DDR3 — the outgoing standard of DRAM — operates at both a higher voltage (using more power and producing more heat) than DDR4, while attaining lower clock speeds in the process (negative), but also lower timings (positive). DDR4 can also utilise quad memory channels — allowing for four communication streams between the modules and the controller, thus increasing performance. So there are a handful of advantages.
ADATA was the first company to officially launch their non-enterprise offering last week, dubbed XPG Z1, claiming clock speeds of 2.8GHz at just 1.2 V. That would’ve been practically unheard of just a few years ago, but for this performance boost, gamers will need to shell out all the money. Just how much exactly?

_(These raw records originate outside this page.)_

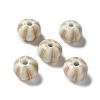 Vintage Porcelain Pumpkin Beads PORC-L080-H08-1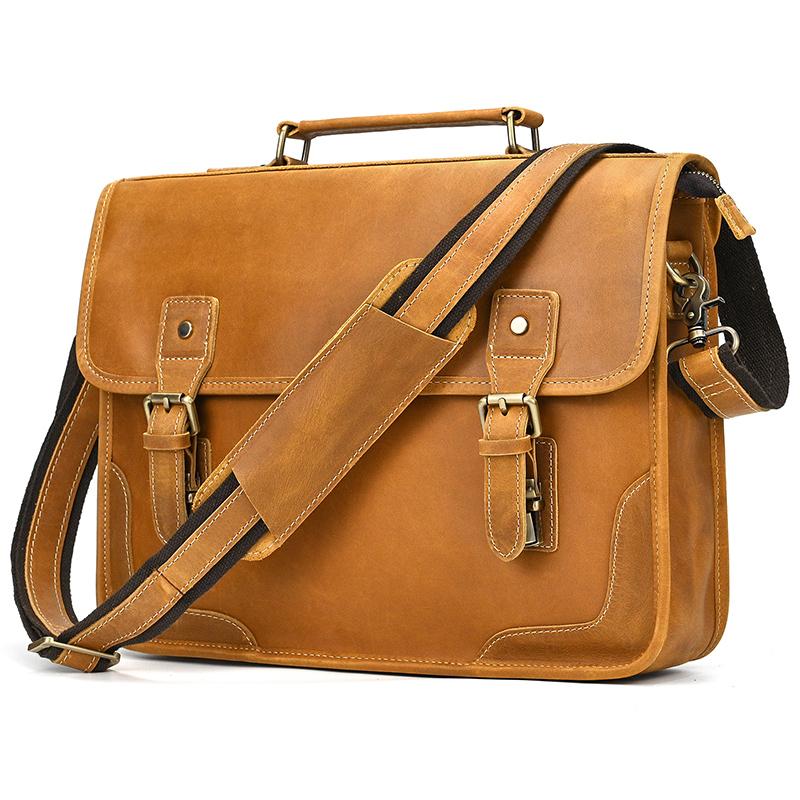 New Designer Leather Laptop Briefcase Genuine Leather Men s Computer Bag Working Handbags Tote Bag Man Male 14 Inch Shoulder Bag
New Designer Leather Laptop Briefcase Genuine Leather Men s Computer Bag Working Handbags Tote Bag Man Male 14 Inch Shoulder Bag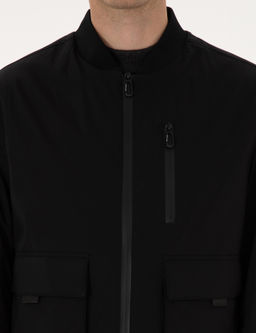 Siyah Regular Fit Mont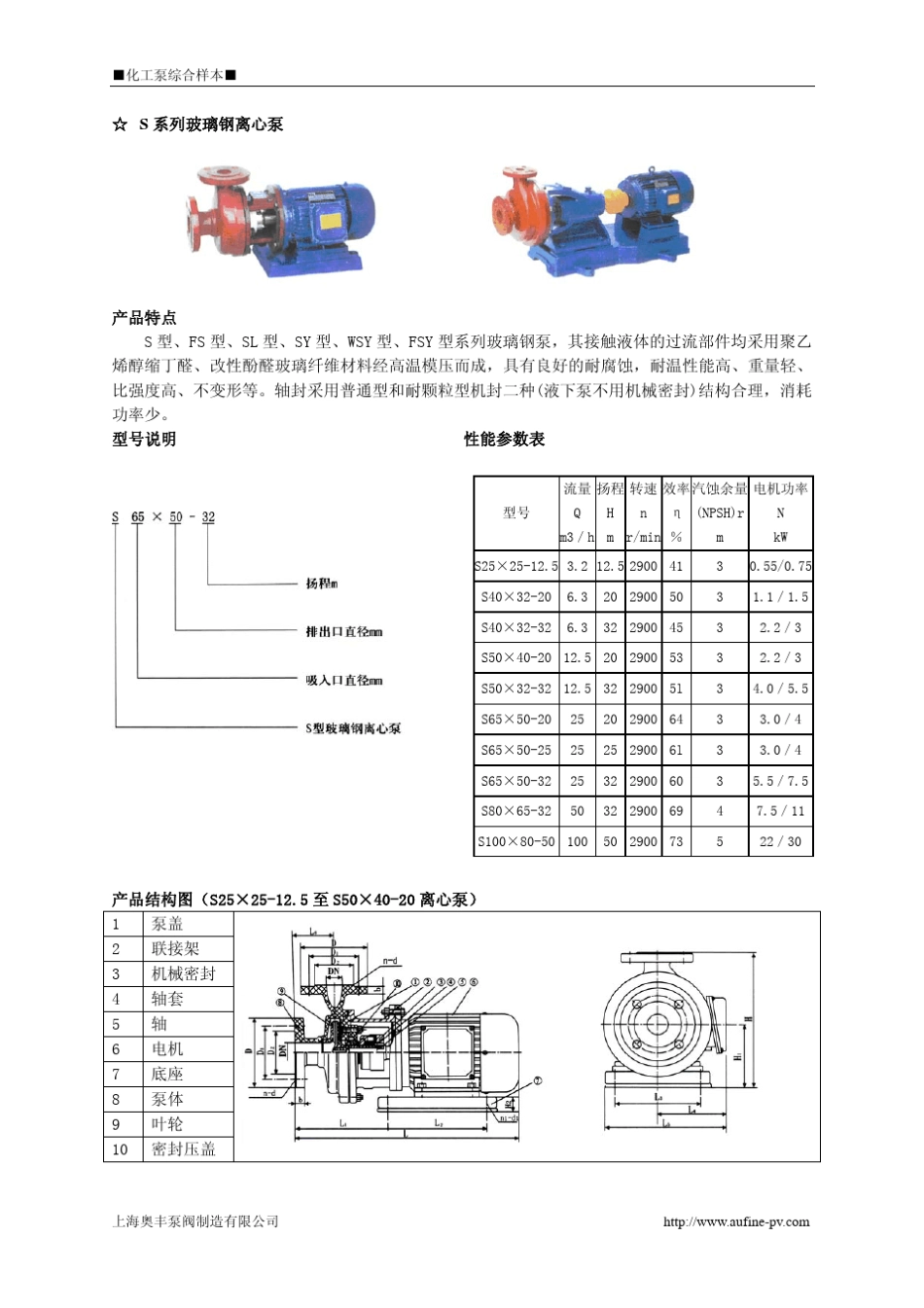 化工泵综合选型样本_第3页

Although not yet released, Intel’s X99 “Wellsburg” enthusiast chipset will be the first to support DDR4 and quad-channel operation. Incredibly, it will also host 14 USB ports — six USB 3.0 and eight USB 2.0, — 10 SATA 6Gbps ports and eight PCI-E ports. But standard maximum memory clocks might be pegged at 2133MHz — on par with current DDR3 modules. MSI’s board with this chipset will retail for an alleged US$999. As attractive as this may sound, is it ultimately worth it?

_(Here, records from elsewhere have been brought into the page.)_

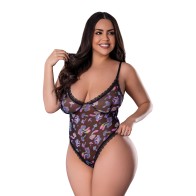 Hazy Dayz Shrooms Teddy - Alluring Lingerie for Wild Nights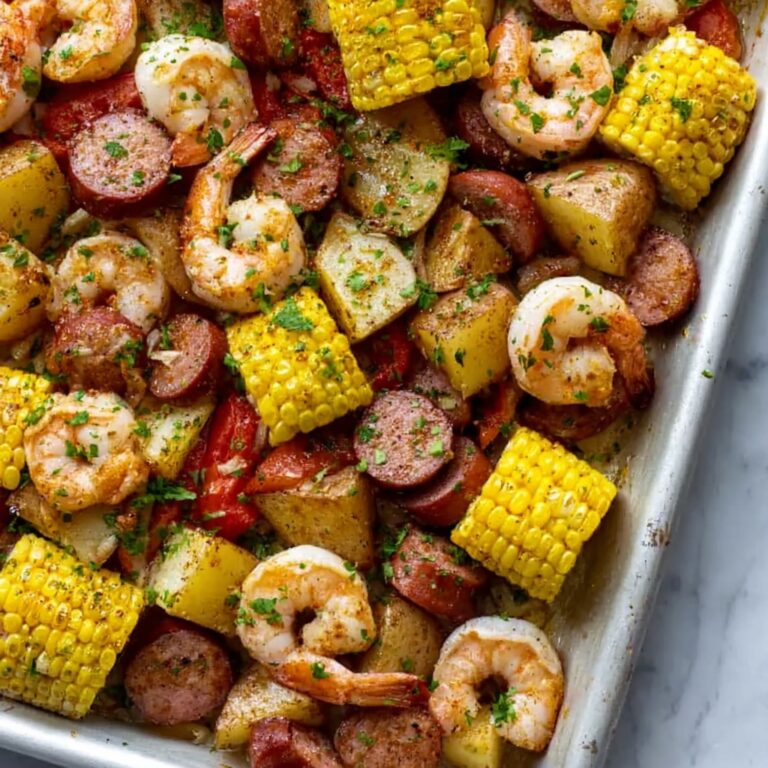 Sheet Pan Shrimp Boil Recipe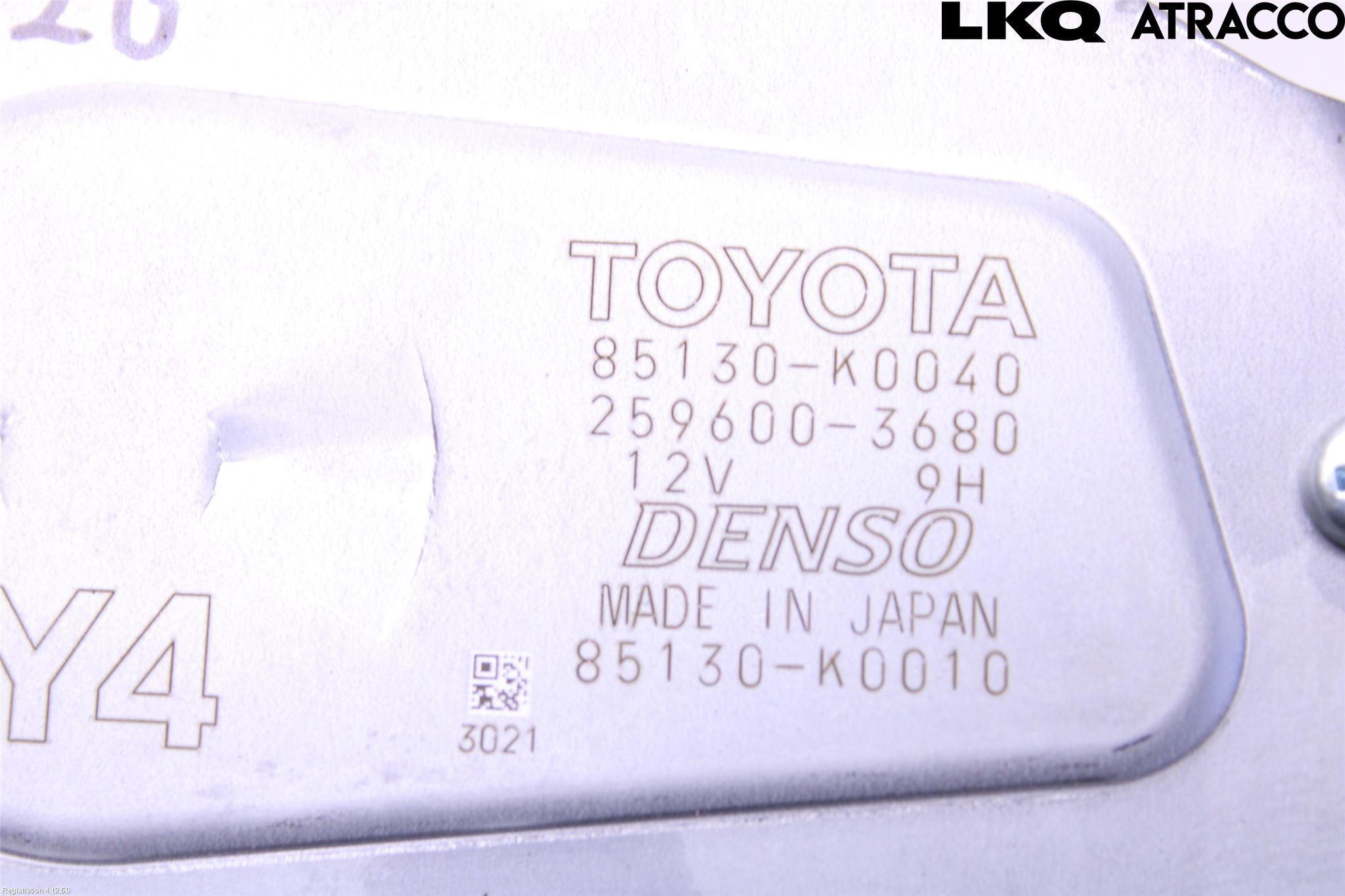 Toyota YARIS XP21 20- Torkarmotor Baklucka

Not for the remainder of the year, or perhaps, not at least until price equalises between the current and emerging standards.
Understandably, the world hasn’t seen a new DDR revision since the third was released back in 2007 and we’re all excited at the possiblities. Although DDR4 brings lower voltages for higher data transfer capabilities and quad-channel operation, it’s too early to purchase DDR4-capable equipment because it just costs too much. It was the same when DDR2 and DDR3 just released.
Once price parity occurs between DDR3 and DDR4 — sometime in 2016, suggests Mike Howard, memory analyst at the research firm IHS talking to PCWorld — there will be no reason not to go for the newer technology. But in terms of performance versus price, DDR3 is the current standard, at least until next year.